Having read some of the latest reviews of this book, I felt I had to put in my twopenneth! I've been hooked on JD Robb since picking up a copy of Naked in Death in 1995 - when it first came out (and when the name Nora Roberts only appeared under the copyright). And then battling to get hold of the next book from the US in the days before widespread internet availability, and before they were published in the UK. I've also just finished a complete re-read of all 36 novels, the short stories, and the half-book in chronological order. While the latest wouldn't be up there with my favourites, I can say that the series goes through cycles (they can't all be 'wowsers') - and just when you wonder if another jawdropper is ever going to arrive, one appears - often followed by a second, and very occasionally a third. It's only 3 books since Treachery and New York to Dallas - both of which (particularly the former) were superb. To those reviewers suggesting it's time to end and go out on a high - go back and read them all! When read in sequence the slightly more mundane ones actually gain new momentum, and read much better.

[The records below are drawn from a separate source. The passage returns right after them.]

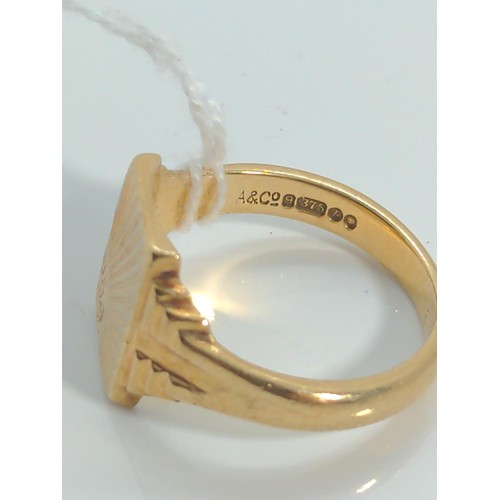 634 - 9ct gold signet ring, with sunburst design and engraved intials, size T, 5.8 grams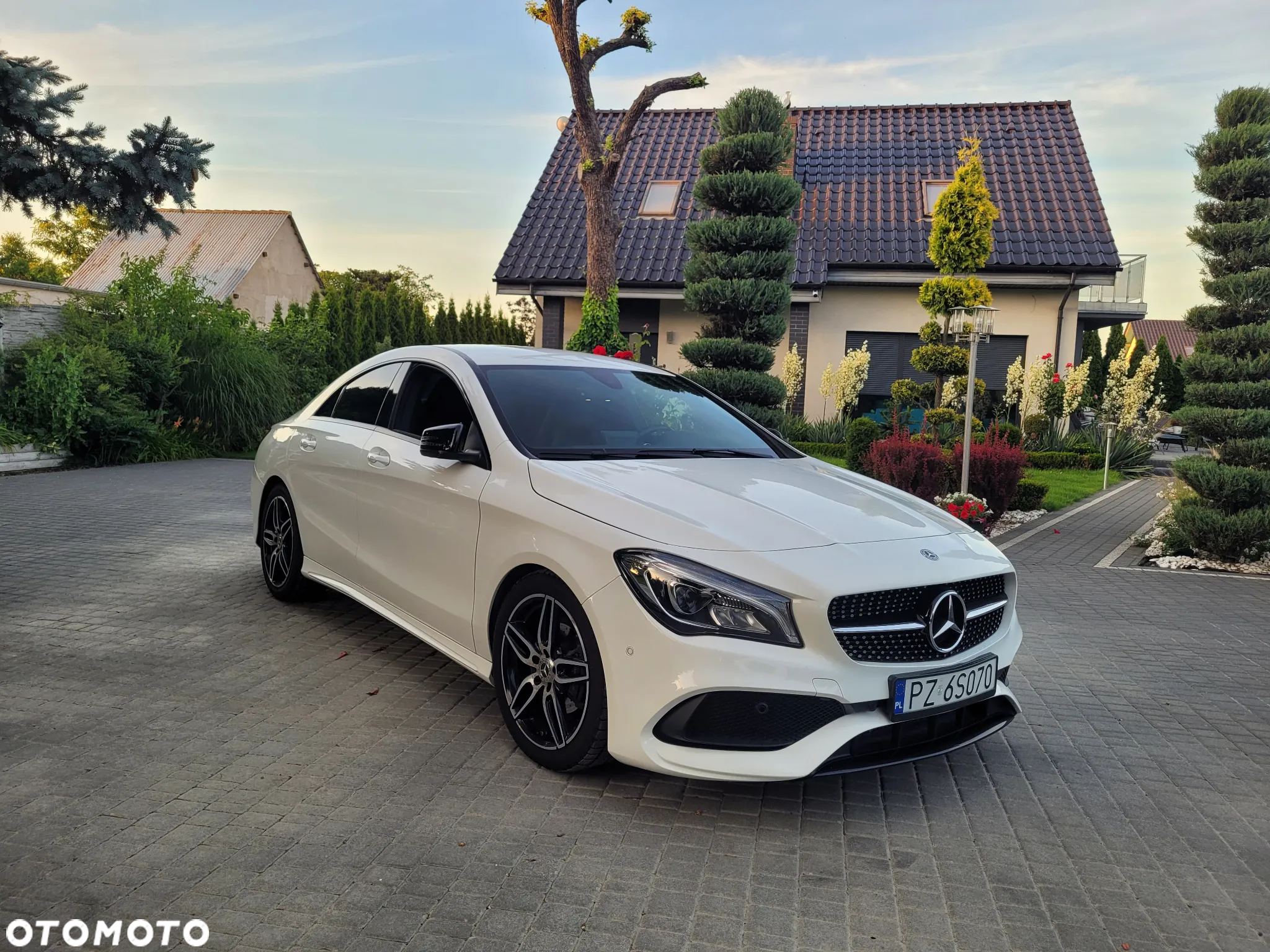 Mercedes-Benz CLA 200 7G-DCT AMG Line - 15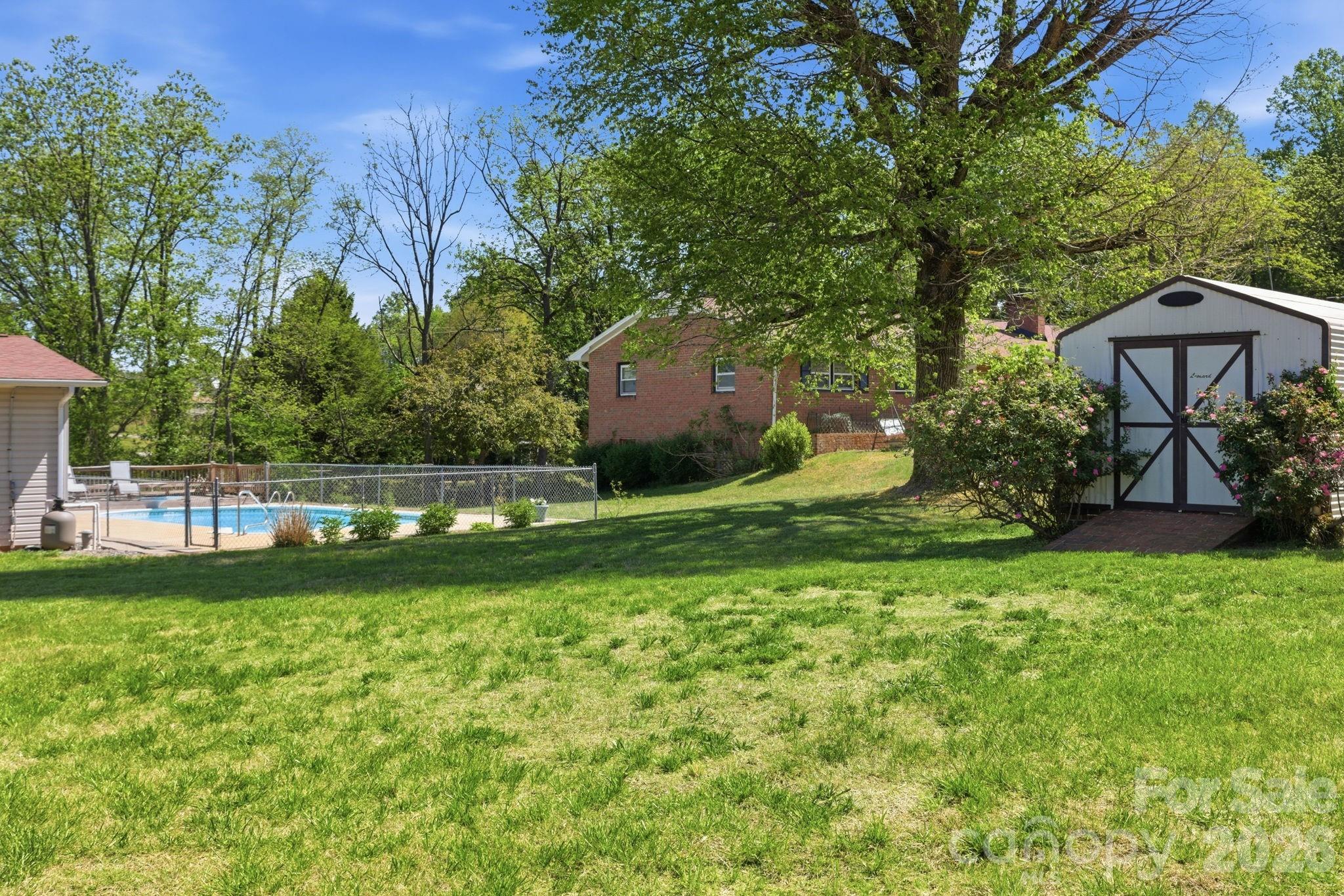 1480 21st Street NE — Hickory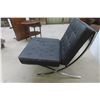Image 2 : Leather/Leather-Style Chair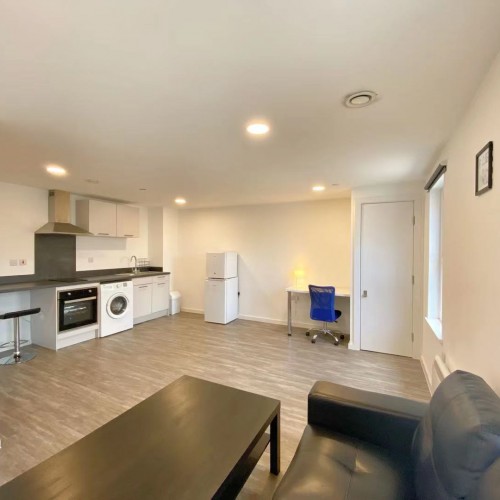 FLAT 5, CAERFELIN STUDENT ACCOMMODATION CRWYS ROAD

And for those who think the family links are pretty much done and dusted - what about grandparents?? Aunts and uncles? Evil twin?
And finally - although Eve and Roarke really aren't ready for a child yet (it's not that long since they were both nearly freaking out over Bella Eve) - I think the possibility has great potential, and if you read through them, you can see things progressing towards this. Possibly. Perhaps.
Absolutly no way these books should end yet.